Find the line containing "atanda_abiolaj's profile picture." in the entries below. Restate it and each line after it, word for word, up to and including the line containing "Bauhaus swivel office".

▶ DATA

################

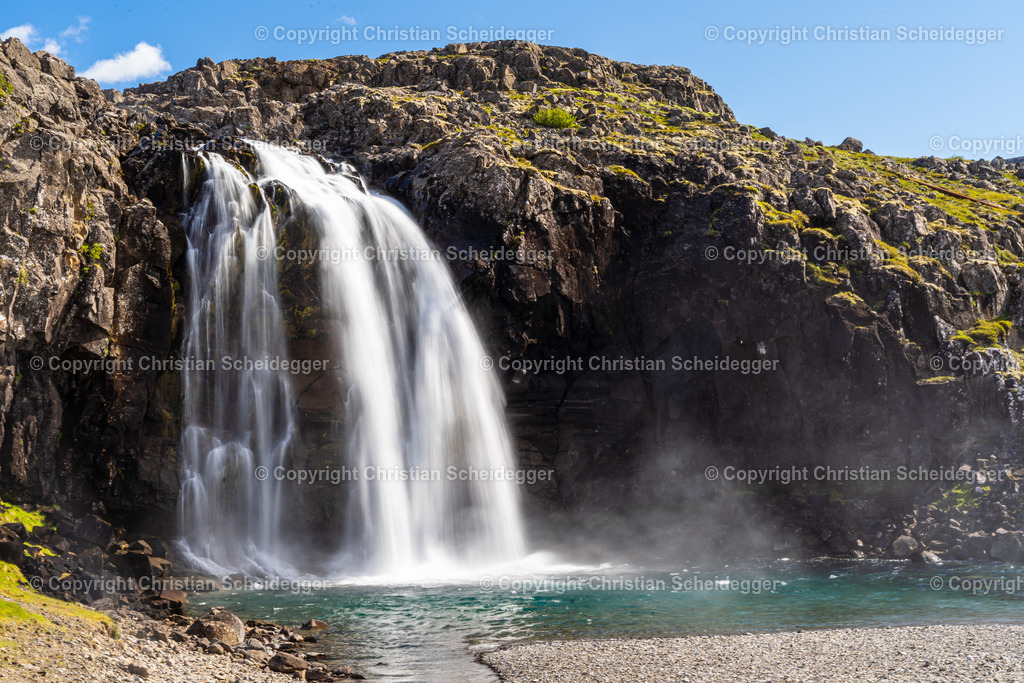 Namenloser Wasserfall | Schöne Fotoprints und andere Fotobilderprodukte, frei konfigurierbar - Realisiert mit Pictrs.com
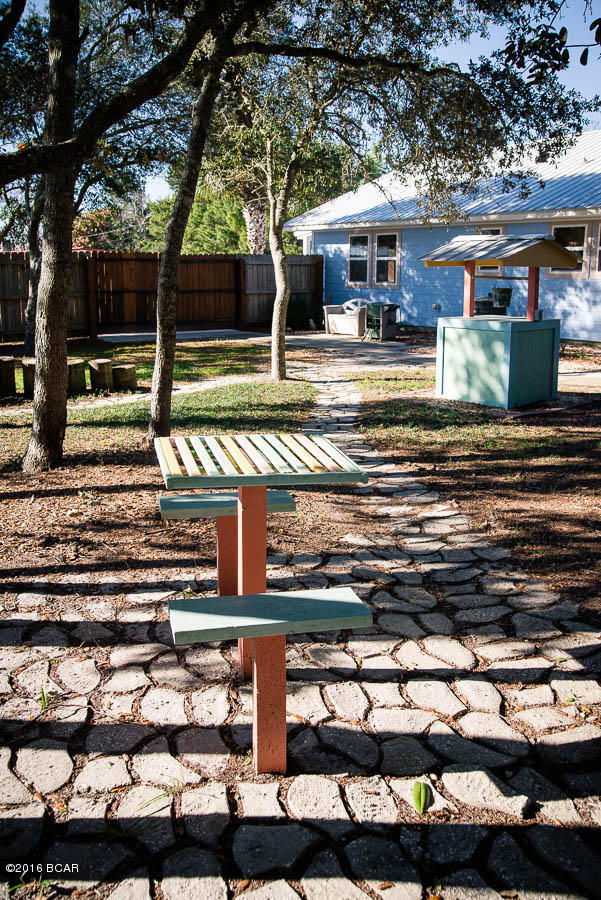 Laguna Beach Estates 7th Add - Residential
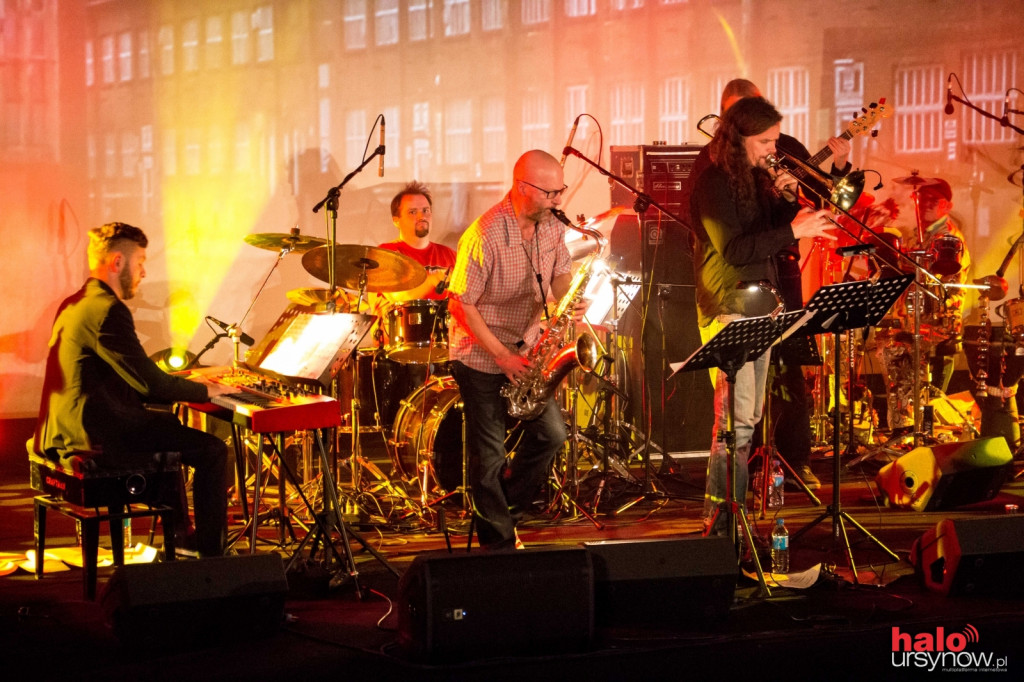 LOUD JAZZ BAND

################

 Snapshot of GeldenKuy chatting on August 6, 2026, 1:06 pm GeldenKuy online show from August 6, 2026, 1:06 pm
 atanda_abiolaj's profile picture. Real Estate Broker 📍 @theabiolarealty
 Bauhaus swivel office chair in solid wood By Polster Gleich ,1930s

################

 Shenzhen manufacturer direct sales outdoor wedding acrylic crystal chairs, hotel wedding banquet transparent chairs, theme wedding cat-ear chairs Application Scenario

################

▶ SOLUTION TO THIS PROBLEM
 atanda_abiolaj's profile picture. Real Estate Broker 📍 @theabiolarealty
 Bauhaus swivel office chair in solid wood By Polster Gleich ,1930s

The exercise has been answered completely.